La proposition est donc intéressante, stimulante, et malgré près de 2h45 Django Unchained demeure dynamique et pratiquement sans redites. L'histoire se dévoile lentement, a plusieurs revirements intéressants, est bien menée d'ailleurs par de longues scènes dialoguées très habiles (comme on s'y attendait) et des acteurs en grande forme. Pourtant, parce qu'on attend à chaque instant la digression, le bouleversement chronologique ou l'intervention d'un cinéaste-dieu sans complexes, le récit nous paraît bien simple. Du point A au point B.
Si Waltz, DiCaprio et Jackson sont truculents, ostentatoires, plus grands que nature dans un film qui n'a pas l'audace formelle des irrévérences narratives du duo Menke/Tarantino, Jamie Foxx semble croire être dans un film parfaitement sérieux. Cela s'applique bien en premier lieu, alors qu'il est recruté par le Dr King Schultz et qu'il découvre en même temps que nous de quoi ce personnage est fait, s'affranchissant de son statut d'esclave, mais moins par la suite; c'est en mode découverte que Django Unchained est le plus captivant, beaucoup moins lorsqu'il s'agit d'accomplir une finale qui était vite devenue inévitable.

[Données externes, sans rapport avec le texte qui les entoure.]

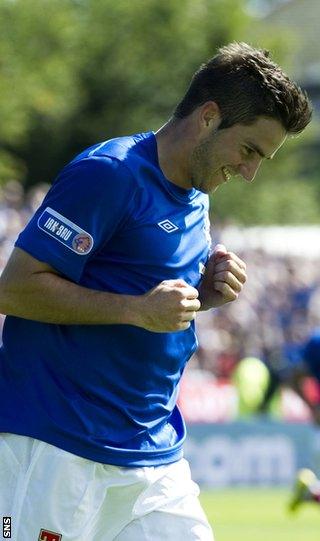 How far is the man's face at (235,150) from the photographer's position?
4.93 metres

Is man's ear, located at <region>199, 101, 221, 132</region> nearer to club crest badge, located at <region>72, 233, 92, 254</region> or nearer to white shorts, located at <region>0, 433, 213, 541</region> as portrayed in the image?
club crest badge, located at <region>72, 233, 92, 254</region>

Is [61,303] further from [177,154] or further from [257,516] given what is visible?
[257,516]

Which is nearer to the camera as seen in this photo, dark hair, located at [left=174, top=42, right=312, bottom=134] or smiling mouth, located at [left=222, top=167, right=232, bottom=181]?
dark hair, located at [left=174, top=42, right=312, bottom=134]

Avec ce long métrage, on retrouve Tarantino, ce qui est déjà un grand plaisir cinéphilique. Le cinéaste ne laisse pas tomber ses fans et leur (nous) propose une aventure qui, aussi esque soit-elle, ne surpasse pas Inglourious Basterds ou Kill Bill, tout en s'inscrivant de manière pertinente dans la filmographie d'une cinéaste sans pareil. Oeuvre mineure d'un cinéaste majeur, voilà de quoi a eu l'air cette année, et voilà aussi ce qui semble de plus en plus convenir à Django Unchained.